La escenografía, sencilla pero efectiva, contiene en sí misma buena parte de la narrativa de La ruta. Bibiana Puigdefàbregas recrea el comedor de una casa de pueblo, alejada de la gran ciudad: austero, en desuso. Gran parte de ese ambiente toma forma gracias al preciso diseño del espacio sonoro y la iluminación de Pau Matas y Sylvia Kuchinow, junto al soporte visual de Daniel Lacasa. Los acordes de guitarra española —poco habituales en la escena catalana— se integran en una dimensión parcialmente costumbrista que termina por convertir la escena en una pintura detenida en el tiempo, en sintonía con los cuadros que decoran de forma sobria un rincón del comedor y que los propios intérpretes manipulan. Tanto en los atardeceres como en la irrupción de la tormenta, o en las transiciones que elevan la tensión, la conjunción entre luz y sonido construye con acierto las distintas atmósferas de la propuesta.
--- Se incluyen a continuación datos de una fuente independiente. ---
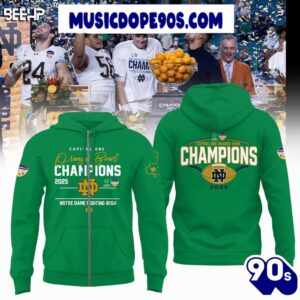 2025 Capital One Orange Bowl Champions Notre Dame Football Green Hoodie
Cualquiera podría reconocerse en Eduard, Carles o Víctor: en sus idas y venidas, en sus miedos, en sus fracasos, en esos vacíos y ausencias. La ruta, aunque se despliega a lo largo de varios meses, traza un lienzo en el que el tiempo parece detenerse durante 75 minutos y donde, en realidad, no ocurre nada para que todo termine ocurriendo en el imaginario del espectador. Es, en ese sentido, una propuesta exigente para quien espera respuestas, pero coherente con una compañía que nunca ha buscado acomodarse. La Ruta 40 vuelve a situarse fuera de la zona de confort, apostando por un teatro que no responde, sino que permanece.